Table 1. Comparison of the injuries and patient characteristics of death and survival patients in the study population.

A comparison of the injuries and patient characteristics of the patients with and without major liver injuries revealed the patients with major liver injuries were significantly younger, had fewer incidences of HTN and DM, sustained significantly more severe injuries, and stayed longer in the hospital than those without major liver injuries (Table 2). However, these two groups of patients with or without major liver injury did not present significant differences in the level of albumin, total bilirubin, or the derived value of EZ-ALBI. The mortality and adjusted mortality corrected by age, incidences of HTN and DM, and ISS between the patients with and without major liver injuries did not present significant differences.

www.frontiersin.org

Table 2. Comparison of the injuries and patient characteristics of the trauma patients with and without major liver injury.

Analysis of the ROC curve

Based on the ROC analysis, the optimal albumin level was determined to be 3.33 g/dl, with a sensitivity of 0.600 and a specificity of 0.616 (Figure 2). The optimal EZ-ALBI score was determined to be −28.5, with a sensitivity of 0.637 and a specificity of 0.685 (Figure 2). Albumin alone and EZ-ALBI had AUCs of 0.67 and 0.72, respectively, as shown in Figure 2. The ability of EZ-ALBI alone to predict patient mortality was moderately accurate and superior to that of albumin alone (p = 0.046).

www.frontiersin.org

Figure 2. Receiver operating characteristic curves and area under the curve (AUC) of the EZ-ALBI score for predicting the mortality of the adult trauma patients by all trauma.

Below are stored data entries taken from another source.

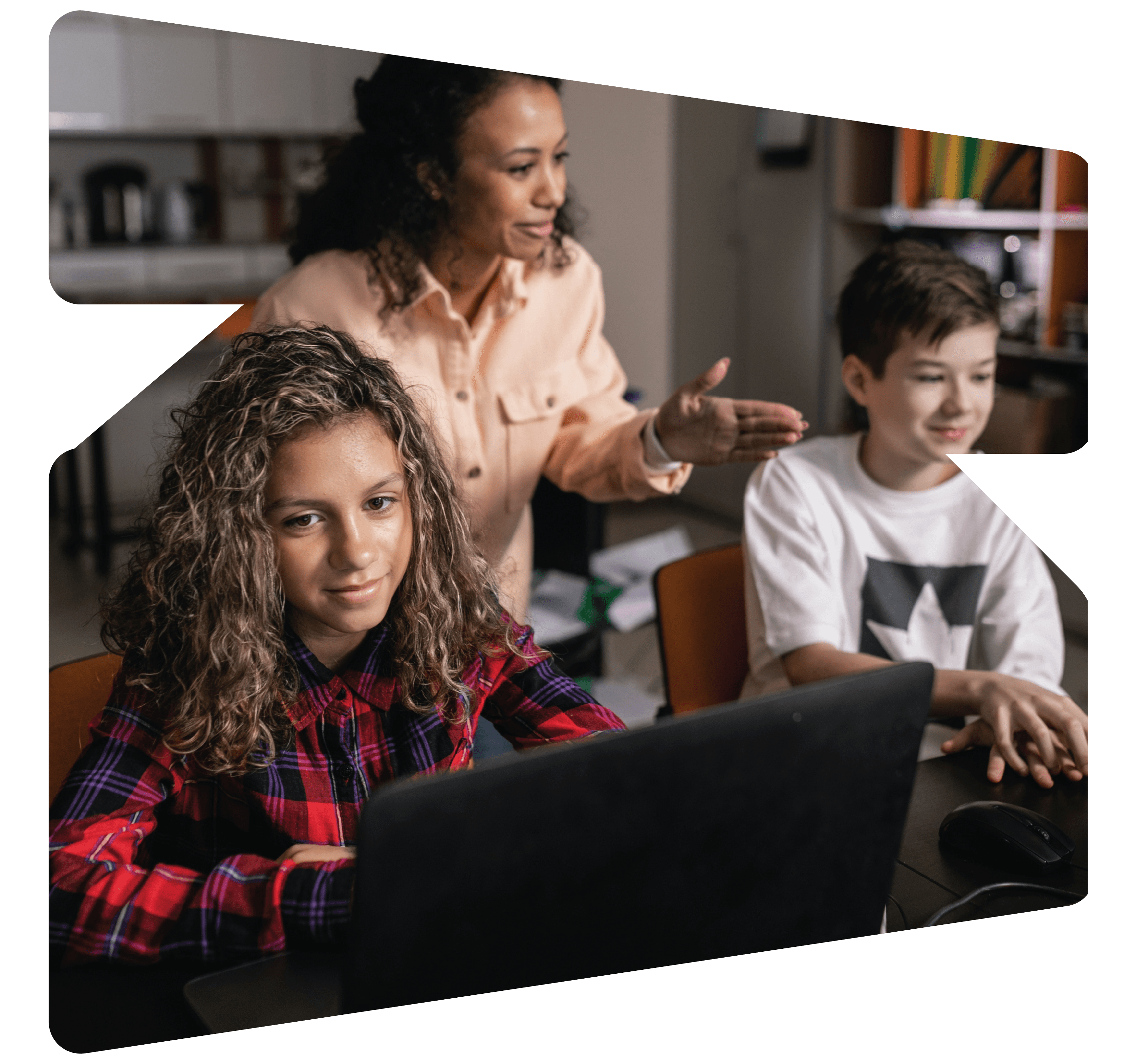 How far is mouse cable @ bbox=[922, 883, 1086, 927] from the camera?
1323 millimetres

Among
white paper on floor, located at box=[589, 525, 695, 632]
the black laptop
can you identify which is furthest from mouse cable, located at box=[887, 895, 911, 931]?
white paper on floor, located at box=[589, 525, 695, 632]

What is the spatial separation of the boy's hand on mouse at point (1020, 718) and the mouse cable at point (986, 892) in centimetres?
20

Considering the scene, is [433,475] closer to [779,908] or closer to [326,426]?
[326,426]

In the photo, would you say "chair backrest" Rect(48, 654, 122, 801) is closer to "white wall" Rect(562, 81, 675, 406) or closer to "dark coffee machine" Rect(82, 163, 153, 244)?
"dark coffee machine" Rect(82, 163, 153, 244)

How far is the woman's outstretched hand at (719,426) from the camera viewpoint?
1.43m

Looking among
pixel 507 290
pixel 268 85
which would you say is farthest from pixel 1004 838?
pixel 268 85

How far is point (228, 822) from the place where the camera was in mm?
1177

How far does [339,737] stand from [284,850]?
12 centimetres

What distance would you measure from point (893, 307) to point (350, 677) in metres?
0.87

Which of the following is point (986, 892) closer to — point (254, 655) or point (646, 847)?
point (646, 847)

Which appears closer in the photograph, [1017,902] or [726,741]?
[726,741]

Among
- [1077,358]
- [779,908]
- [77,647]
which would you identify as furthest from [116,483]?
[1077,358]

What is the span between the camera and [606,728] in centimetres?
132

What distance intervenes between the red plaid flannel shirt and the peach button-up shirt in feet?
0.67
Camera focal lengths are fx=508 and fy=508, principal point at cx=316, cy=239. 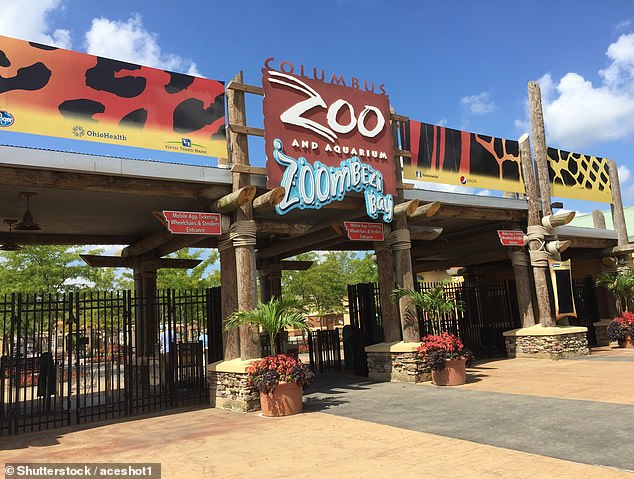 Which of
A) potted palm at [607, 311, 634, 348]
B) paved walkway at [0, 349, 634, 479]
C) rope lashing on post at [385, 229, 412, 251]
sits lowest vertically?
paved walkway at [0, 349, 634, 479]

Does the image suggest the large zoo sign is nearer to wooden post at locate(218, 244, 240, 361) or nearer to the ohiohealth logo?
wooden post at locate(218, 244, 240, 361)

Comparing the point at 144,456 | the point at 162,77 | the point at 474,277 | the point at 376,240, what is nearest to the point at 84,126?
the point at 162,77

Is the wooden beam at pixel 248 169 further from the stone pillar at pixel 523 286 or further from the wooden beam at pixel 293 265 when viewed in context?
the stone pillar at pixel 523 286

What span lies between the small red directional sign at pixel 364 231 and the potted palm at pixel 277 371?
2.74m

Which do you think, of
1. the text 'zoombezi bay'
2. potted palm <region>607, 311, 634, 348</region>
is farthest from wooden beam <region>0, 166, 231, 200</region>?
potted palm <region>607, 311, 634, 348</region>

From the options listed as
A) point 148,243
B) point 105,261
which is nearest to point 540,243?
point 148,243

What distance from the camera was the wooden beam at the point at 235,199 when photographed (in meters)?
10.1

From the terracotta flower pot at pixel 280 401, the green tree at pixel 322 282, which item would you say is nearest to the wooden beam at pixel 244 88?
the terracotta flower pot at pixel 280 401

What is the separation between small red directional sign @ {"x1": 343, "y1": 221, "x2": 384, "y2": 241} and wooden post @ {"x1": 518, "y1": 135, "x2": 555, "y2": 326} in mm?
6170

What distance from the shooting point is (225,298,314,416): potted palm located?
9266mm

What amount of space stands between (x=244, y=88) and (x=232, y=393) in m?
6.49

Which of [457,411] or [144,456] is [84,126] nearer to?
[144,456]

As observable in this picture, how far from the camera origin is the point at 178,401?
11781 mm

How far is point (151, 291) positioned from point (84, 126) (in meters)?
7.15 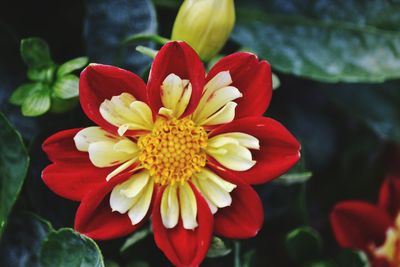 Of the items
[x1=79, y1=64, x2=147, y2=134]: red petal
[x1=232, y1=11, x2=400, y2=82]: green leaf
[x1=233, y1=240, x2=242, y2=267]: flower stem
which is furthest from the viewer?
[x1=232, y1=11, x2=400, y2=82]: green leaf

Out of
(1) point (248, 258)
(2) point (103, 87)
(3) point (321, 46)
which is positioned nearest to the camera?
(2) point (103, 87)

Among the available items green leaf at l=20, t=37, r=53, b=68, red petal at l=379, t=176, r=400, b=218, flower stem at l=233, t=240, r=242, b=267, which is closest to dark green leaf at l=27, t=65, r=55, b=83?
green leaf at l=20, t=37, r=53, b=68

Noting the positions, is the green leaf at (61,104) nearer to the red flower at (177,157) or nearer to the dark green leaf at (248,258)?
the red flower at (177,157)

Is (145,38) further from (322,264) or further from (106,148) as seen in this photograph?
(322,264)

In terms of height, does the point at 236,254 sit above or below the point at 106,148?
below

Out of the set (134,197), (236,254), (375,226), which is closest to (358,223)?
(375,226)

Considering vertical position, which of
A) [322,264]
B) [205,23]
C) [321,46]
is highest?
[205,23]

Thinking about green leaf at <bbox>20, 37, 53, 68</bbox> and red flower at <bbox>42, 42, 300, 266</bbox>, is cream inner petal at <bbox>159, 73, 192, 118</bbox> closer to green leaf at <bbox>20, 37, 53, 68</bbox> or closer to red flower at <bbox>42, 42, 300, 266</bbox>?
red flower at <bbox>42, 42, 300, 266</bbox> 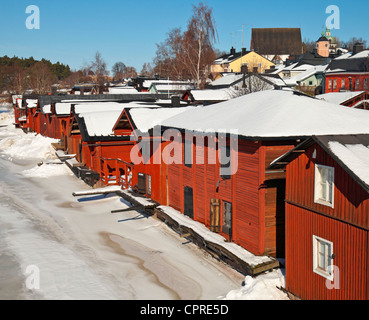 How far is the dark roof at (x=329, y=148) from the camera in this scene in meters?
9.78

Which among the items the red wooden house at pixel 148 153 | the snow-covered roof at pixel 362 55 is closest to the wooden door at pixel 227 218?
the red wooden house at pixel 148 153

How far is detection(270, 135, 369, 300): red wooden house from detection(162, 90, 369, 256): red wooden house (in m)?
1.81

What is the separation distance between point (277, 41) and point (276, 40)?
1.40 ft

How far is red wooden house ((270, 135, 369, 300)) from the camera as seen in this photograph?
384 inches

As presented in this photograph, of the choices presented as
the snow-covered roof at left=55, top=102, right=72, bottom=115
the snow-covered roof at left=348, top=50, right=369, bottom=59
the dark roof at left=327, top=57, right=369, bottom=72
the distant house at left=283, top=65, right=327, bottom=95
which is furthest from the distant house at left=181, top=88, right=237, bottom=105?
the distant house at left=283, top=65, right=327, bottom=95

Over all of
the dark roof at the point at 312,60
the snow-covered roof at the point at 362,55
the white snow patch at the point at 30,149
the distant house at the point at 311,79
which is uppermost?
the dark roof at the point at 312,60

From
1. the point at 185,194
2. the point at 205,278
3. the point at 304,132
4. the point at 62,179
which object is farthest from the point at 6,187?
the point at 304,132

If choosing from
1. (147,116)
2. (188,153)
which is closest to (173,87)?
(147,116)

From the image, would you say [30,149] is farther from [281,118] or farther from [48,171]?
[281,118]

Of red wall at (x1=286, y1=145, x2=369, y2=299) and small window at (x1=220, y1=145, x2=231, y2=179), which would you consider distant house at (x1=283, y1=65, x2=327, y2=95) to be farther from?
red wall at (x1=286, y1=145, x2=369, y2=299)

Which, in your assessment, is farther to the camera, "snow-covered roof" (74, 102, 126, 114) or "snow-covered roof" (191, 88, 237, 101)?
"snow-covered roof" (191, 88, 237, 101)

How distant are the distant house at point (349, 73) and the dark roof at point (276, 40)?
65.0m

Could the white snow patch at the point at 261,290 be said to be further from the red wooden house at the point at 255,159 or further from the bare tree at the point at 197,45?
the bare tree at the point at 197,45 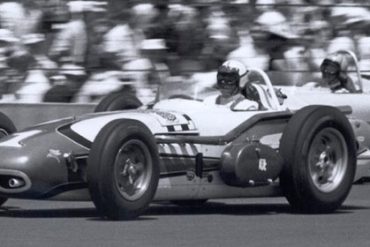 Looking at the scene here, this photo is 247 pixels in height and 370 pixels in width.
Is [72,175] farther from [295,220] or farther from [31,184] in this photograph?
→ [295,220]

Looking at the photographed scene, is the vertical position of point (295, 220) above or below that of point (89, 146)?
below

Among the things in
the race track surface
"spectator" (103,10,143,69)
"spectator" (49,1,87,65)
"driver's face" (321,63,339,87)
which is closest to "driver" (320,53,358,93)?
"driver's face" (321,63,339,87)

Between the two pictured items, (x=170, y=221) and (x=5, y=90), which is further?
(x=5, y=90)

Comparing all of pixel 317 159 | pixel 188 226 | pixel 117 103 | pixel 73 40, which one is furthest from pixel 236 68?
pixel 73 40

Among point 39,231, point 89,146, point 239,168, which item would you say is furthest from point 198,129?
point 39,231

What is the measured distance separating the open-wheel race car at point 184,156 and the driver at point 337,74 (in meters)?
3.62

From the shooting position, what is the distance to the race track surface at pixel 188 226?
717cm

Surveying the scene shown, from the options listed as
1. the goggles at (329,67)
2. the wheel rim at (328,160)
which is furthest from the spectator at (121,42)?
the wheel rim at (328,160)

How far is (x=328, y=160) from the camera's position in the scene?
31.3ft

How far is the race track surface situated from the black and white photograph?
0.01m

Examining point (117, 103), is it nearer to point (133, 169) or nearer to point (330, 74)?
point (133, 169)

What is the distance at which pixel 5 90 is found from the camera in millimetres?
14109

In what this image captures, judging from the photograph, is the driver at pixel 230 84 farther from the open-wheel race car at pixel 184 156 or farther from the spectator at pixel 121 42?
the spectator at pixel 121 42

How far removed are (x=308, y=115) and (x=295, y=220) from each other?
35.6 inches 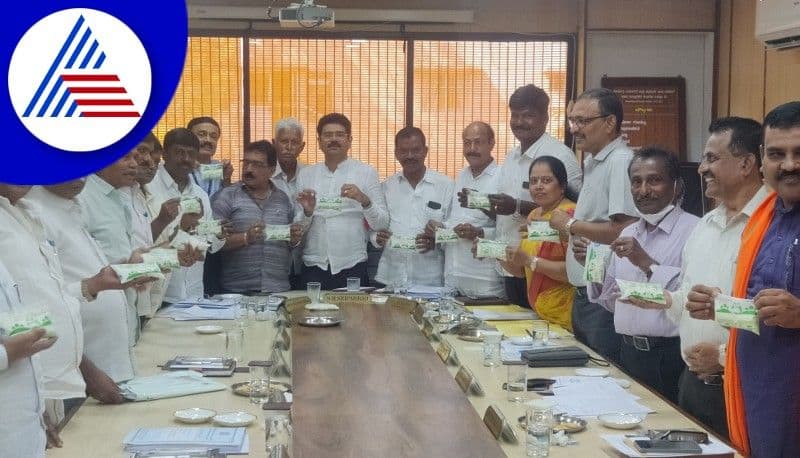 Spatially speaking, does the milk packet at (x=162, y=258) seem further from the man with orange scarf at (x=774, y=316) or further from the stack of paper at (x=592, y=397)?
the man with orange scarf at (x=774, y=316)

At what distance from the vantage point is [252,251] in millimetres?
5516

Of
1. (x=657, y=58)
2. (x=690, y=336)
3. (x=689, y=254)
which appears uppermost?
(x=657, y=58)

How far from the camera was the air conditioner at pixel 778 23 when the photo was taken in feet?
19.9

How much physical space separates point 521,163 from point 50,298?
3097mm

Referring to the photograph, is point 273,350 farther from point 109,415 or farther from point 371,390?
point 109,415

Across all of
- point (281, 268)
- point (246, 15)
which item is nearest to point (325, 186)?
point (281, 268)

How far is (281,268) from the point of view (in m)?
5.59

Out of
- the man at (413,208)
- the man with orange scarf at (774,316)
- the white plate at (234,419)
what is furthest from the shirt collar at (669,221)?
the man at (413,208)

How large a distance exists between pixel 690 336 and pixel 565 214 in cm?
128

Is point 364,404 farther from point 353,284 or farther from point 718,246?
point 353,284

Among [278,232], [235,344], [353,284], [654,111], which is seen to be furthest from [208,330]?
[654,111]

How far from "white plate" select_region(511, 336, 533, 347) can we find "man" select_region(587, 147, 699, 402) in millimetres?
380

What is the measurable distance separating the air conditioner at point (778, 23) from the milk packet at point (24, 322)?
5.10 meters

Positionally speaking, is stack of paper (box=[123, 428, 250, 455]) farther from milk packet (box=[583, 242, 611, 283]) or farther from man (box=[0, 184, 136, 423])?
milk packet (box=[583, 242, 611, 283]) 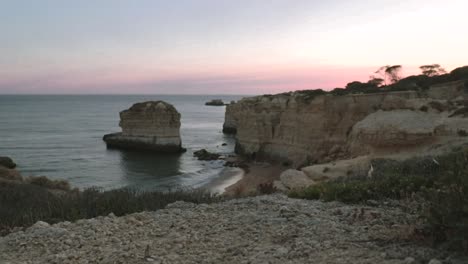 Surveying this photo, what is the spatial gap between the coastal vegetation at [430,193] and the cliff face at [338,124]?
18255 mm

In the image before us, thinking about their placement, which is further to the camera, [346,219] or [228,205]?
[228,205]

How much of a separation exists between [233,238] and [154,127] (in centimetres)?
4956

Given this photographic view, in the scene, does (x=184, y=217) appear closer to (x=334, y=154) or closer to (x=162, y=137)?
(x=334, y=154)

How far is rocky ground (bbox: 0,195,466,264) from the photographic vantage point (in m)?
5.38

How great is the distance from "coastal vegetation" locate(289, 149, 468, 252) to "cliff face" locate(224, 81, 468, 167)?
18.3 m

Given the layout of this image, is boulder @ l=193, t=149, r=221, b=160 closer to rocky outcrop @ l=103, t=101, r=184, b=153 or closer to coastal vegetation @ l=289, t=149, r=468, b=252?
rocky outcrop @ l=103, t=101, r=184, b=153

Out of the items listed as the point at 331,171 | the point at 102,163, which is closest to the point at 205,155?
the point at 102,163

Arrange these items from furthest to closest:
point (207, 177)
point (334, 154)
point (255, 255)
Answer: point (207, 177), point (334, 154), point (255, 255)

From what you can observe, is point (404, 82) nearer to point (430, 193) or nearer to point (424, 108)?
point (424, 108)

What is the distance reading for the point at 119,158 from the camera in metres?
48.2

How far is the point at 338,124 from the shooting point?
123ft

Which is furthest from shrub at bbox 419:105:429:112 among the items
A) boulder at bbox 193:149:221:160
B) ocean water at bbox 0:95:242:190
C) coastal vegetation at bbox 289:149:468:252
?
boulder at bbox 193:149:221:160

Analysis of the risk factors for mortality

Univariate analysis revealed that sex, age, the presence of EZ-ALBI score ≥ −28.5, the level of glucose, AST, ALT, BUN, Cr, the presence of an injury of AIS ≥ 3 in the head/neck, extremities, or external, the presence of CAD, ESRD, or liver cirrhosis, the GCS score, and the ISS were significant risk factors for mortality in the study population (Table 3). Multivariate logistic regression analysis of these risk factors revealed that the presence of EZ-ALBI score ≥ −28.5 (OR, 2.31; 95% CI, 1.63–3.28; p < 0.001) was an independent risk factor for mortality. Additionally, age (OR, 1.02; 95% CI, 1.01–1.04; p < 0.001), the glucose level (OR, 1.23; 95% CI, 1.05–1.45 p = 0.011), injury to the external body region (OR, 9.48; 95% CI, 1.76–50.96 p = 0.009), liver cirrhosis (OR, 2.87; 95% CI, 1.42–5.78; p = 0.003), GCS (OR, 0.86; 95% CI, 0.83–0.90; p < 0.001), and ISS (OR, 1.05; 95% CI, 1.03–1.07; p < 0.001) were significant independent risk factors for mortality in these patients.

www.frontiersin.org

Table 3. Univariate and multivariate analysis of the risk factors for mortality of the patients.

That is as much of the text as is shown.